I already mentioned a couple of things to consider with regards to your underlying storage platform when using MCS, but I am pretty sure I can come up with few more so let’s have a(nother) look shall we.
Due note that the below numbers are taken from several tests performed by Citrix.
- MCS is, or at least can be storage intensive with regards to the (read) IOPS needed. On average it will need around 1.6 times more IOPS when compared to PVS for example, again, mainly read traffic from the master VM as mentioned earlier. However… and this is often where the confusion starts, the 1.6 number is based on the overall average meaning that it also takes into account boot and logon storms (that’s also why they are mainly read IOPS). If we primarily focus on the so-called steady state IOPS then it’s closer to 1.2, a big difference right?
- While the above shouldn’t be too big of an issue with all modern storage technologies available today, it’s still something you need to consider.

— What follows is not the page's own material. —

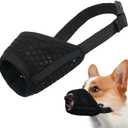 Mayerzon Dog Muzzle, Puppy Soft Mesh Muzzle for Small Medium Large Dogs Chihuahua Poodles Beagle Dachshund Corgis Labrador for Biting Chewing Grooming That Allows Panting Drinking(S, Black)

- The ability to cache most reads is a very welcome storage feature! Don’t be surprised if you end up hitting a read cache ration of 75% of higher. Boosting overall performance.
- Consider having a look at Intellicache, a technology build into XenServer, when deploying non-persistent VM’s on NFS based storage.
- When looking up IOPS recommendations based on Citrix best practice be aware that these are (almost) exclusively based on stead state operations.
- A medium workload (based on the medium Login VSI workload) running on a Windows 7 or 8 virtual machine (provisioned with MCS) will need around 12 IOPS during its steady state with a read/write ration of 20/80. During boot these numbers will be the other way around 80/20.
- Running the same workload on a Server 2012 R2 virtual machine will lead to 9 IOPS during its steady state with a read/write ration of 20/80. Note that this is on a per user basis. And again, during boot this will probably be closer to 80/20 read/write.
- Collect as many (IOPS / workload specific) data as possible and consult with (at least) one or multiple storage administrators at the customers Site, if any. See what they think.
- Remember that there is more to IOPS then just the read / write ratios. Also consider the different types of IOPS like random and sequential, the configured storage block sizes used and the actual throughput available.
- Often multiple data stores are created to spread the overall IOPS load on the underlying storage platform. Think this through. Remember that each time a new master VM is created or one is updated it will need to be copied over to all data stores known to the Host Connection as configured in Citrix Studio.
- Load testing can provide us with some useful and helpful numbers with regards to performance and scale, however, don’t lose track of any potential resource intensive applications that might not be included during some of the standard baseline tests. You don’t want to run into any surprises when going live do you? Include them.
- Whenever possible try to scale for peaks, meaning boot, logon and logoff storms.
- If needed schedule and pre-boot multiple machines, VDI VM’s as well as any virtual XenApp servers, before the majority of your users start their day.
- Try to avoid overcommitting your hosts compute resources as much as possible.
- Failing over VM’s while using MCS isn’t a problem, but if you would like to move the accompanying virtual machine disks / files as well, using Storage vMotion, storage Live Migration and/or storage XenMotion for example, you are out of luck. This is not supported.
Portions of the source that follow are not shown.